In contrast, appropriation levels reflect the amount of money Congress actually spends on a program. The law does not require the federal government to appropriate funds at the maximum authorized levels. In fact, Congress has never appropriated the maximum authorized funding level for Title I since NCLB was enacted in 2002. This is a common practice for legislation that includes authorized levels.

Congress authorized specific five year funding levels for five of the 45 authorized NCLB programs, totaling $28.9 billion for fiscal year 2007 ($25 billion for Title I, Part A). The other 40 programs were authorized at specific amounts for the initial year of funding and at "such sums as may be necessary" for following years through 2007. Assuming a frozen level of funding for these 40 programs, the total authorized level for NCLB is commonly cited at $39.4 billion in fiscal year 2007.

The Title I, Part A grant program is the largest source of NCLB funding for school districts and is one of the five programs authorized at specific levels through fiscal year 2007. (In 2008, Congress voted to extend the 2007 authorization level into 2008, but has not done so since.) In the past, most reauthorizations of the Elementary and Secondary Education Act have not included specific year by year authorization levels. Instead, the legislation has set an authorized funding level for the first year and "such sums as may be necessary" for succeeding years.

Source: Elementary and Secondary Education Act, U.S. Dept. of Education Budget Tables

Since 2001, traditional federal appropriations for Title I have remained fairly flat, while the authorized levels in the legislation increase by $2 billion to $2.5 billion each year. As a result, Title I appropriations have become a smaller and smaller percentage of the authorized levels since NCLB's passage-from 76% of the authorized level in Fiscal Year 2002 to 56% of the authorized level in fiscal year 2008, the last year for which an authorization level was provided by the law.

"Unfunded Mandates"

Because states are required to fulfill extensive accountability requirements to receive NCLB funding, they have argued, unsuccessfully, that NCLB is an "unfunded mandate." For example, the State of Connecticut sued the federal government in 2005 for allegedly requiring the state to spend millions of state dollars on additional NCLB testing.
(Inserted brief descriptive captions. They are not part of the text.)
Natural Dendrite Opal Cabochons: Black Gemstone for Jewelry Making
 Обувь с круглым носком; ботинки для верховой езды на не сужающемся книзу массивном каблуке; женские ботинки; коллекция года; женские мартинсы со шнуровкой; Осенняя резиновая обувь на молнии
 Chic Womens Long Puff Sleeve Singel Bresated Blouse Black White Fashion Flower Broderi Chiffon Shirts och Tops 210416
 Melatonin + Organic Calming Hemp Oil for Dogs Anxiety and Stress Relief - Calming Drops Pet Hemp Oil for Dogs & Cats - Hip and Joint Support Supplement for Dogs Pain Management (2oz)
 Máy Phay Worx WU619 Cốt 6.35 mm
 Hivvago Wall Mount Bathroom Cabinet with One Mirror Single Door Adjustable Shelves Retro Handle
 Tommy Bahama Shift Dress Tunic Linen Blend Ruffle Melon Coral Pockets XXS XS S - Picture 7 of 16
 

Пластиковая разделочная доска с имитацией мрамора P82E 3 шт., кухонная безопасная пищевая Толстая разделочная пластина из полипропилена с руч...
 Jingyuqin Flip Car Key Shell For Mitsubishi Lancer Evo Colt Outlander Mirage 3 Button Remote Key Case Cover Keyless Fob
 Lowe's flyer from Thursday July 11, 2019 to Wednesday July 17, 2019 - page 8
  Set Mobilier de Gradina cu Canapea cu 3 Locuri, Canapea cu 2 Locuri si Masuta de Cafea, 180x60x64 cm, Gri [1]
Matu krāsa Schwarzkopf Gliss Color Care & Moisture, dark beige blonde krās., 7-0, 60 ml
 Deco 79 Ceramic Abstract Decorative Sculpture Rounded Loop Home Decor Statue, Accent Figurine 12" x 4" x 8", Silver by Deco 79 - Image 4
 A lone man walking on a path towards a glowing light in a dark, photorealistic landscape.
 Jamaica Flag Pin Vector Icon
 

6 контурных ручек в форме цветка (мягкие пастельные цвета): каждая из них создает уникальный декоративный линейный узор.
A federal judge dismissed Connecticut's lawsuit on jurisdictional grounds, effectively ending the state's challenge.

However, NCLB does not mandate that states participate in the program. All requirements are a condition of funds. While a state may struggle financially without federal education funding, it could choose to opt out of NCLB and the requirements it includes. As a result, it is inaccurate to refer to NCLB as an "unfunded mandate." The law's requirements only apply to those states that voluntarily elect to participate.

"Under-funding" and NCLB

When NCLB was passed, the Department of Education assured states that federal funding would cover a significant portion of the costs associated with the law's new requirements. These new costs-for test administration, data collection, and school improvement reforms-have been significant. States often claim that NCLB is "under-funded" due to evidence that the federal government has not adequately supported these implementation costs. A Government Accountability Office report estimated the additional implementation expenditures states would see from 2002-2008, which varied depending on the type of test states used.

Source: Government Accountability Office, 2003

Several state legislatures have requested estimates of the total cost of fully implementing NCLB and reaching the legislation's goal of 100 percent proficiency by 2014 in their state. In Ohio, for example, a study estimated that the state would have to spend about $1.5 billion more on education each year to meet NCLB's additional accountability requirements and achievement goals.